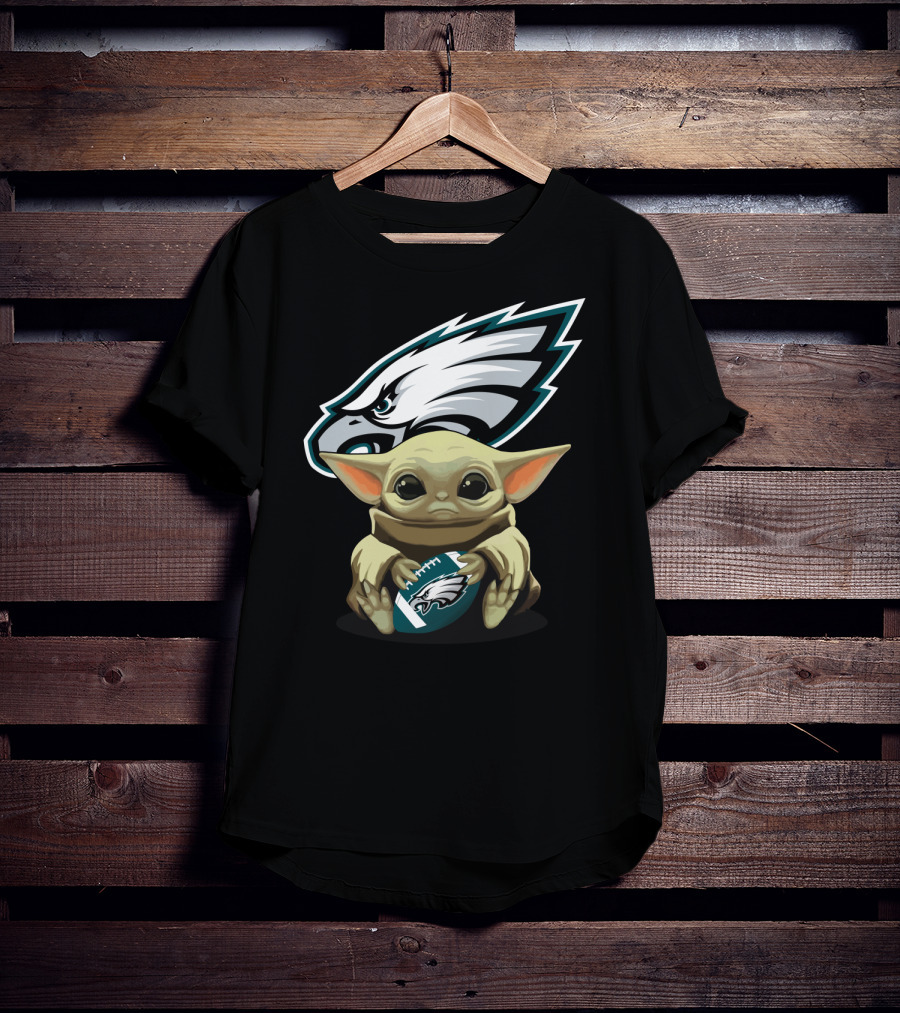Yoda Baby Philadelphia Eagles Football Fan T-Shirt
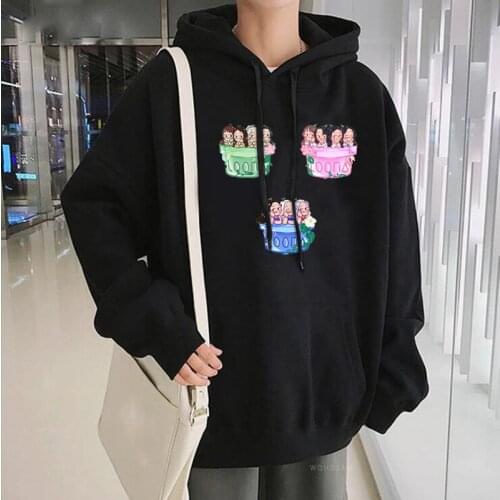 LOONA Kawaii Flowerpot Girls Cartoon Maiden Hoodies Sweatshirt Harajuku Aesthetics Streetwear Korean Oversize Women Fans Hoodies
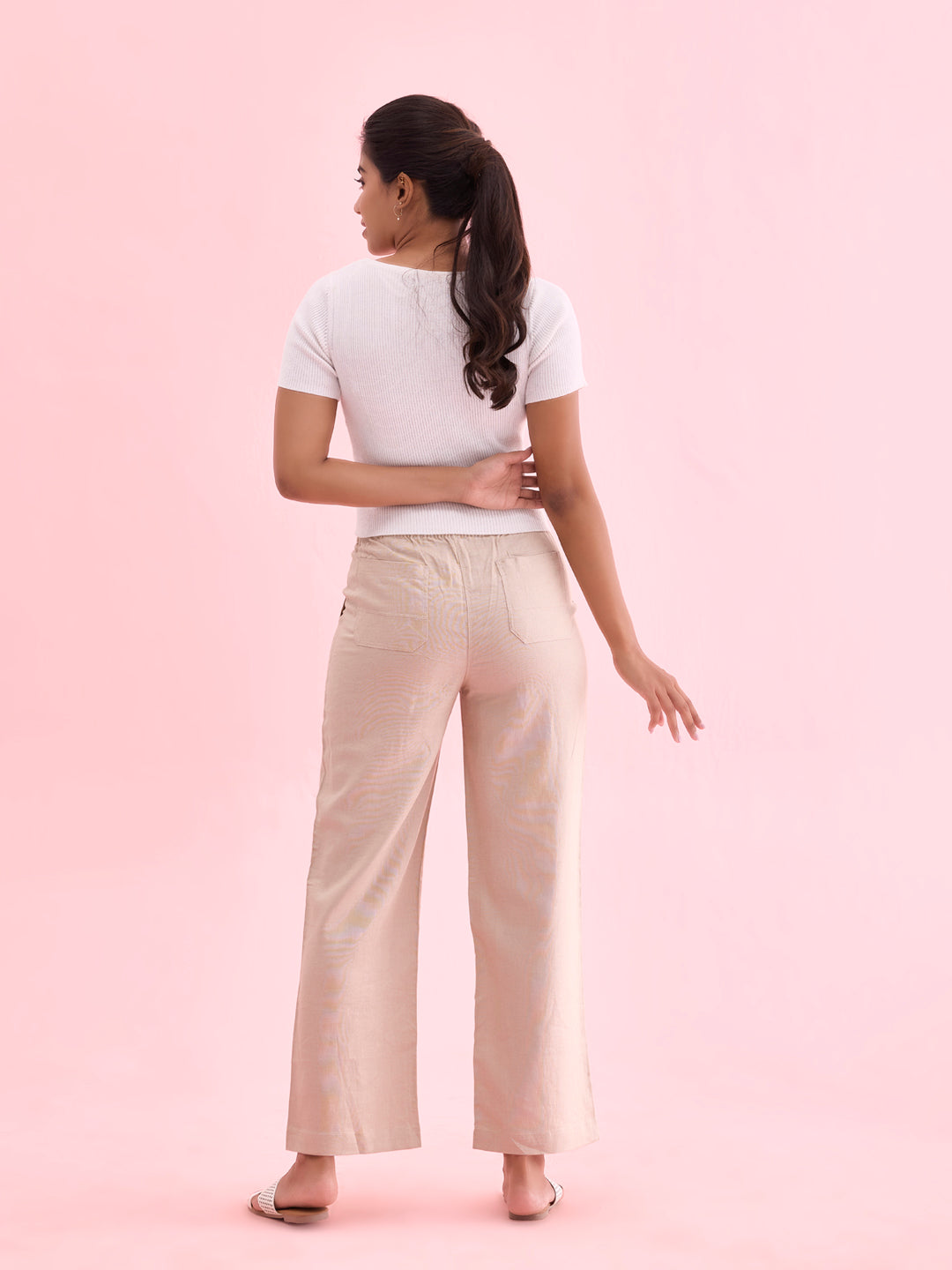 Beige Linen Cargo Pants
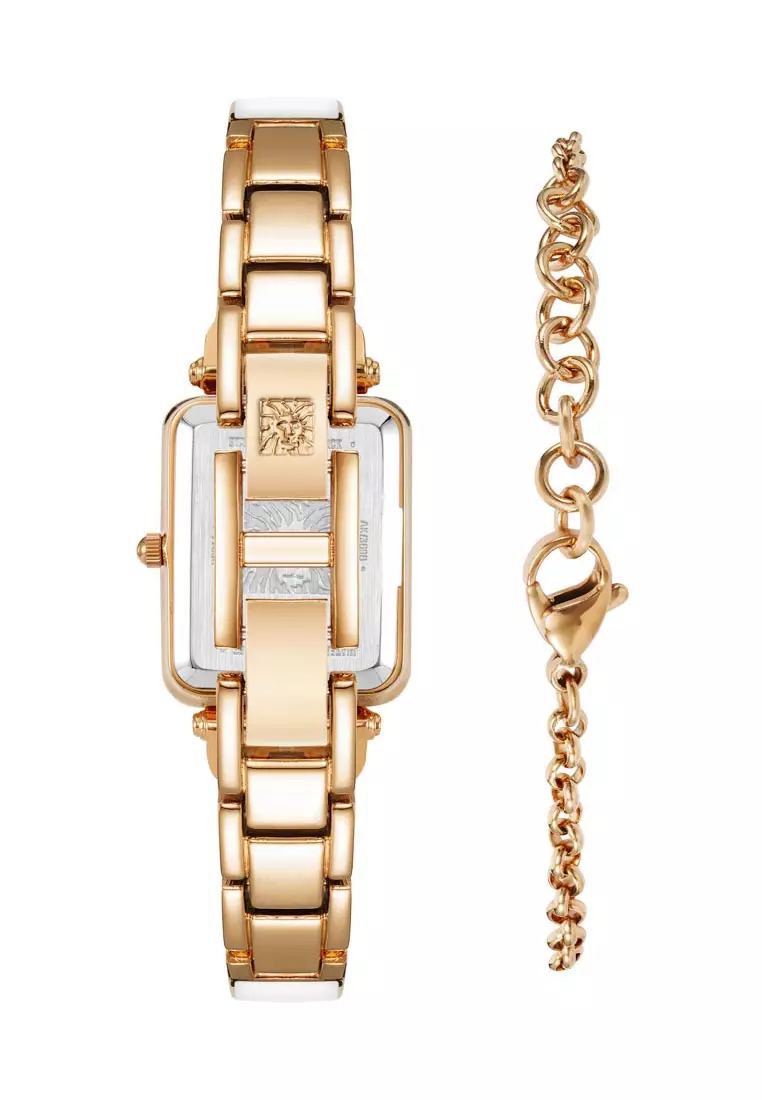 AK3898WTST0000 Rose Gold Rectangle Watch With White Mother Of Pearl Dial And With 1 Chain Bracelet With White Enamel Link in Stainless Steel Band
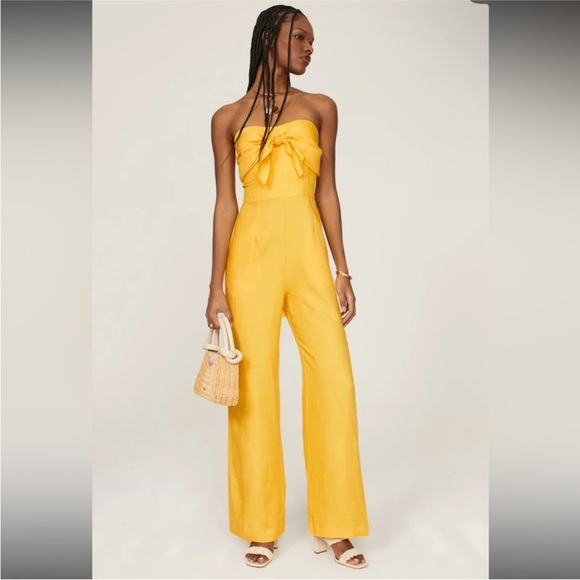 Derek Lam Pants - Derek Lam Collective Yellow Strapless Linen Jumpsuit – EU 48 / US 12 (Large)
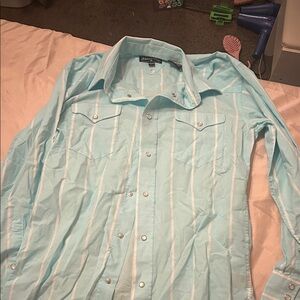 Men's Light Blue Striped Button Down Shirt
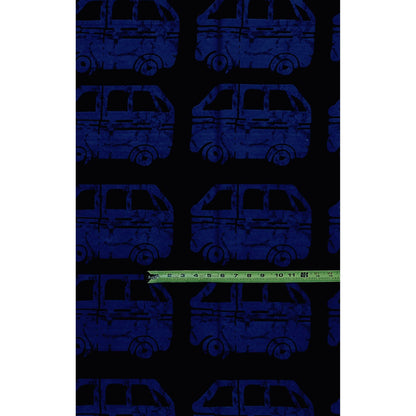 African Print Fabric/ Ankara - Blue, Black 'Danfo Driver' Design, YARD or WHOLESALE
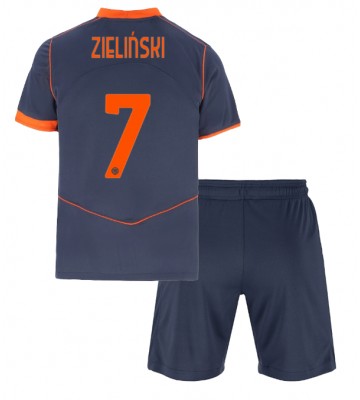 Inter Milan Piotr Zielinski #7 Tredjetrøje Børn 2025-26 Kortærmet (+ Korte bukser)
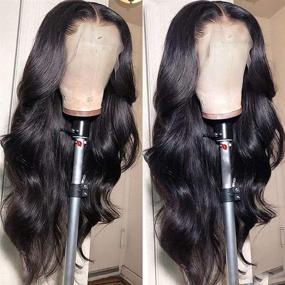 img 2 attached to 🔥 Premium 13x4 Lace Front Wigs: Body Wave, Wet & Wavy; Brazilian Virgin Human Hair; Glueless & Pre Plucked; 150% Density; 18 inch; Perfect for Black Women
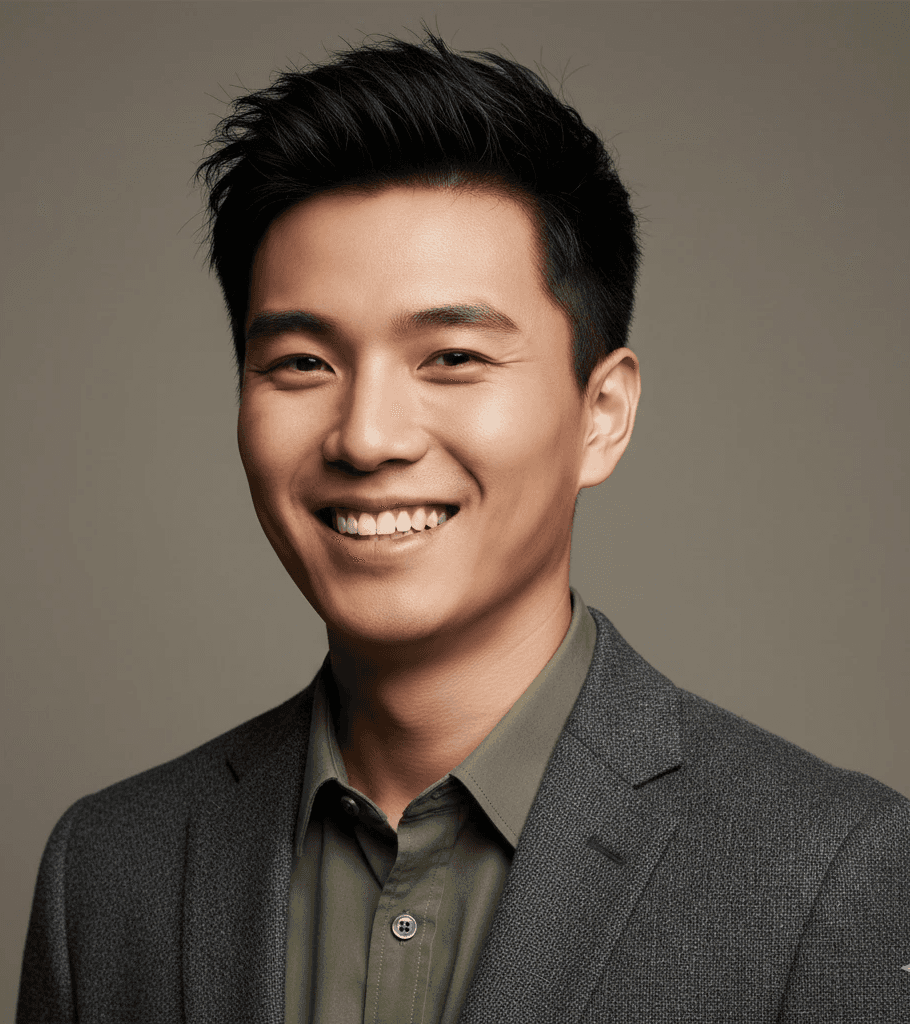 Smiling person in a gray blazer and green shirt against a plain background. Short dark hair, conveying a friendly and professional demeanor.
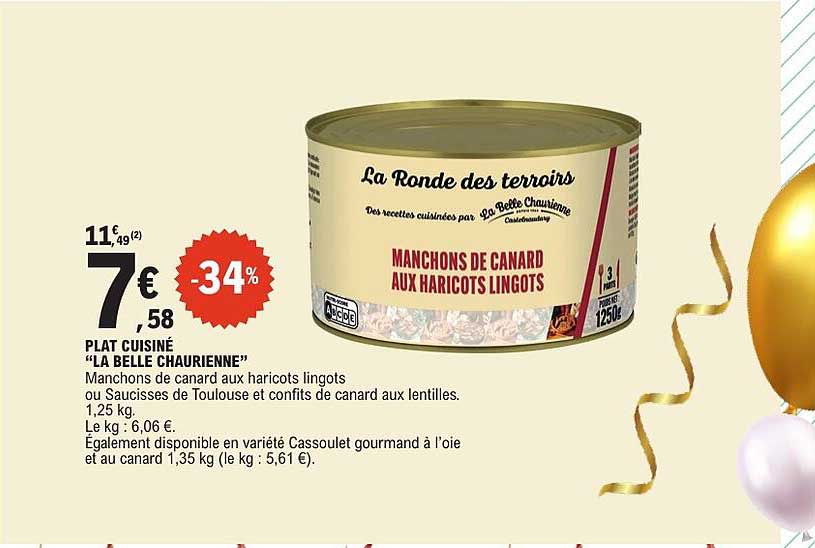 PLAT CUISINÉ "LA BELLE CHAURIENNE"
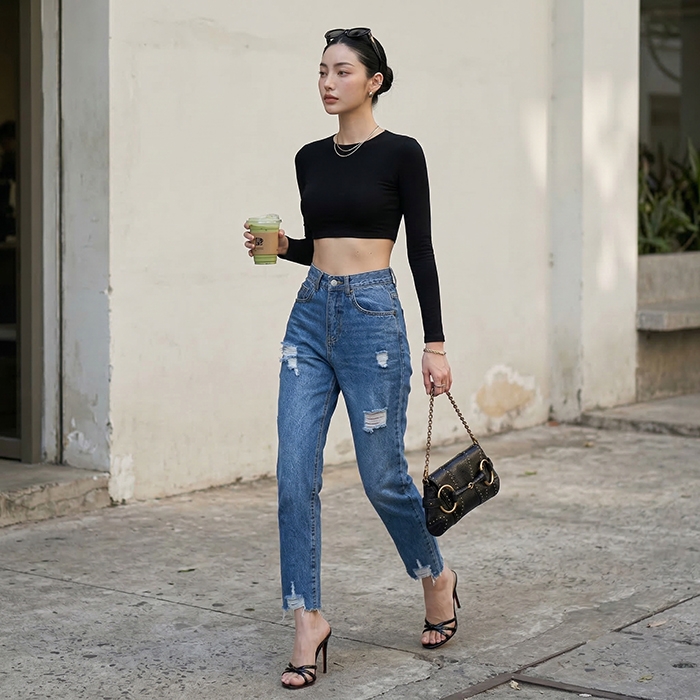 Quần jean baggy LOREN rách tua xanh B5389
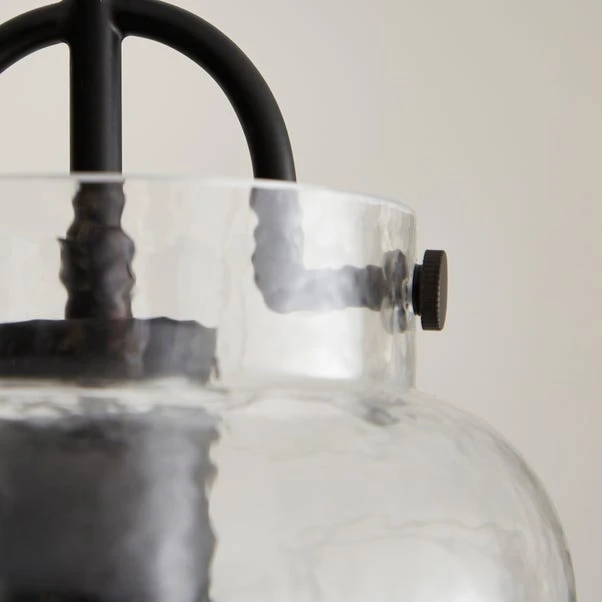 Henri Industrial Adjustable Mottled Glass Pendant Light - Image 3
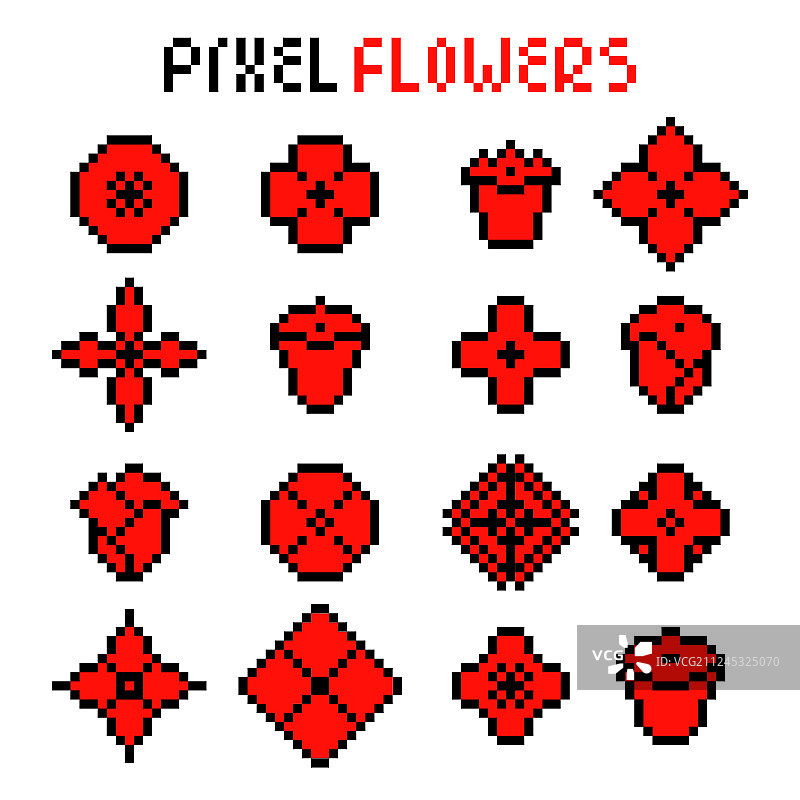 红色像素花朵合集图片素材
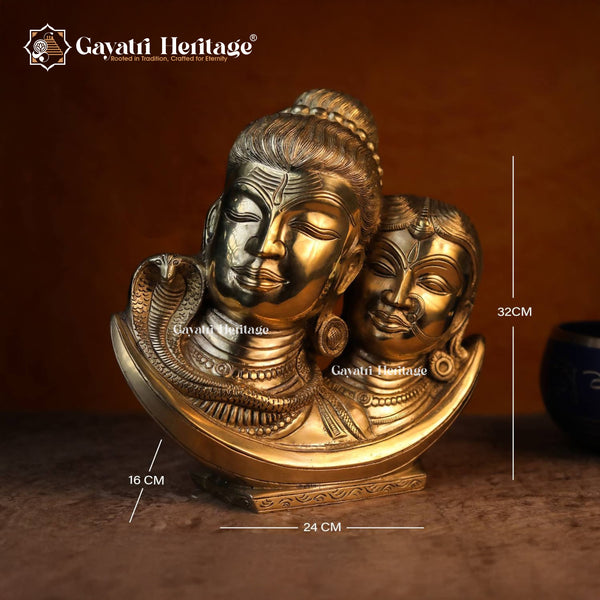 Brass Shiva Parvati Face on Crystal Moon – Sacred Celestial Display | Gayatri Heritage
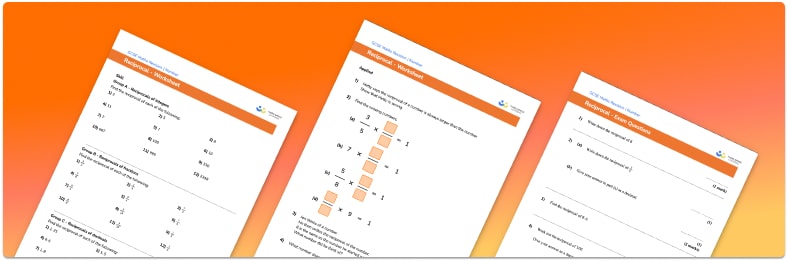 Reciprocal maths worksheet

§ **Work required**
Of the lines above, quote exactly those from the one with "Beige Linen Cargo Pants" through the one with "红色像素花朵合集图片素材", ends included; pictures stay out.

§ **Solution**
 Beige Linen Cargo Pants
 AK3898WTST0000 Rose Gold Rectangle Watch With White Mother Of Pearl Dial And With 1 Chain Bracelet With White Enamel Link in Stainless Steel Band
 Derek Lam Pants - Derek Lam Collective Yellow Strapless Linen Jumpsuit – EU 48 / US 12 (Large)
 Men's Light Blue Striped Button Down Shirt
 African Print Fabric/ Ankara - Blue, Black 'Danfo Driver' Design, YARD or WHOLESALE
 Inter Milan Piotr Zielinski #7 Tredjetrøje Børn 2025-26 Kortærmet (+ Korte bukser)
 img 2 attached to 🔥 Premium 13x4 Lace Front Wigs: Body Wave, Wet & Wavy; Brazilian Virgin Human Hair; Glueless & Pre Plucked; 150% Density; 18 inch; Perfect for Black Women
 Smiling person in a gray blazer and green shirt against a plain background. Short dark hair, conveying a friendly and professional demeanor.
 PLAT CUISINÉ "LA BELLE CHAURIENNE"
 Quần jean baggy LOREN rách tua xanh B5389
 Henri Industrial Adjustable Mottled Glass Pendant Light - Image 3
 红色像素花朵合集图片素材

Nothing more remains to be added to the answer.